Taken as a tea, Cinnamon helps to relieve upper respiratory tract infections and counteracts congestion. This tea can also help to treat gastrointestinal problems, including indigestion, flatulence (gas) and diarrhea.

Cinnamon helps alleviate dyspeptic complaints which include gastrointestinal pain or spasms, gas caused by indigestion that can sometimes include burning in the esophagus and/or nausea and/or vomiting. It is believed that this action is due to cinnamon’s cinnamaldehyde content, which has been shown to have a tranquilizing effect on the central nervous system, making Cinnamon mildly analgesic.

The ability of Cinnamon to enhance trypsin activity and hydrolysis of fats (lipolysis) is another method by which it helps aid digestion. This contributes to Cinnamon’s ability to relieve nausea and diarrhea. Additionally, these properties make cinnamon a useful tool for weight loss.

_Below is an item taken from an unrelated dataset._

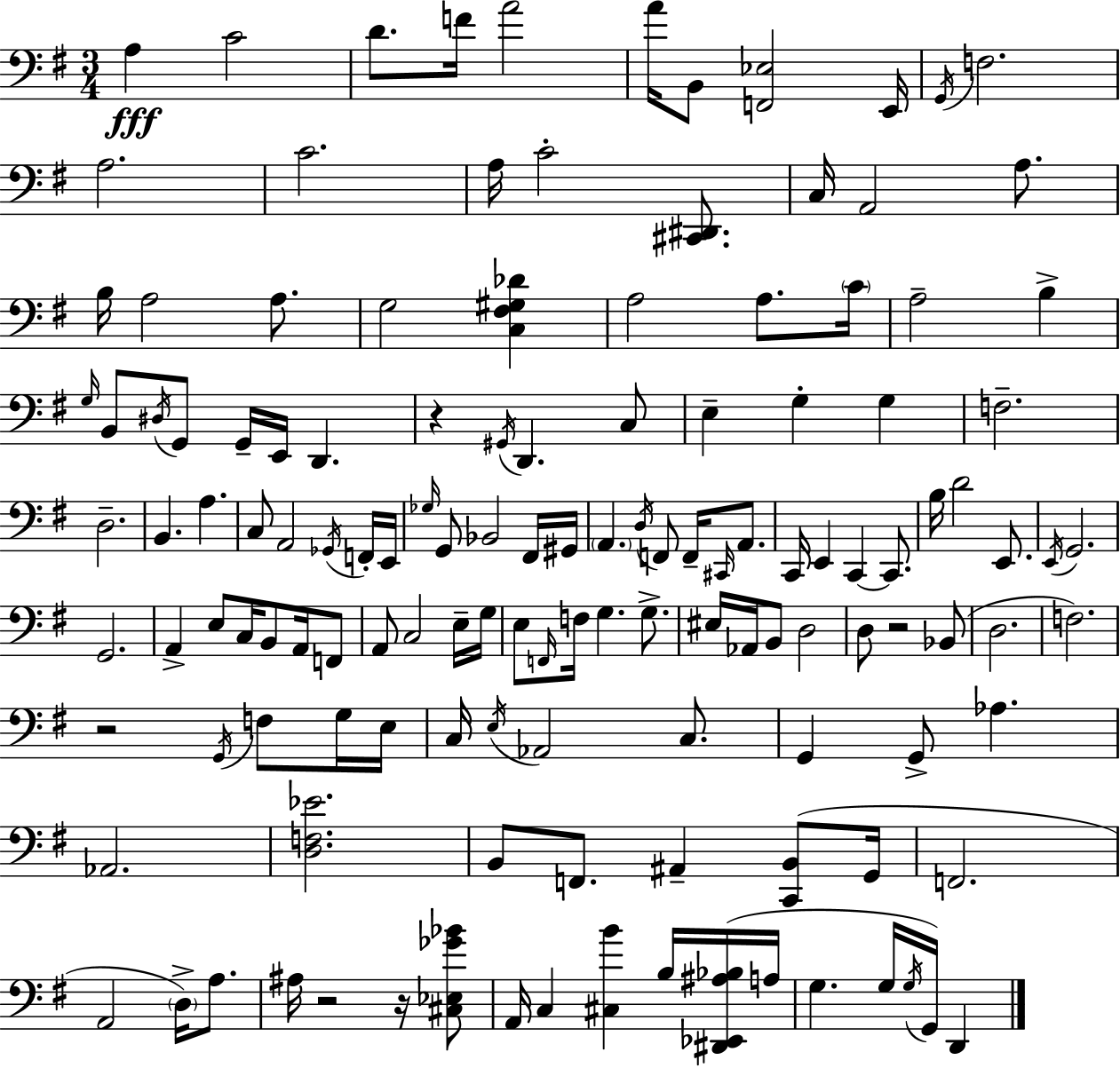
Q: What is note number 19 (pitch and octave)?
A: A3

A tincture of Cinnamon bark is useful for uterine hemorrhaging. However, care should be taken in the amount of Cinnamon taken by a lactating mother, as it is
capable of diminishing the secretion of milk.

Cinnamon can be utilized as a tea, capsule, and tincture internally. Externally, the diluted essential oil is applied to the skin.

Cinnamon should not be used in large amounts during pregnancy or during lactation. During these times, use only as a spice or food condiment. Teas in large amounts in patients with ulcers can be irritating to the stomach lining. Cinnamon essential oil should not be ingested, due to its potential toxicity. Undiluted essential oil should not be applied directly to any part of the body because of the potential to cause contact dermatitis in susceptible individuals. For this reason, avoid applying Cinnamon products directly to sensitive areas of skin such as the tongue and oral cavity.

Disclaimer: None of this is to be considered a substitute for medical examination and/or treatment. Use what you will, but do so knowing that you must consider your own circumstance and the application of these things with sound judgment.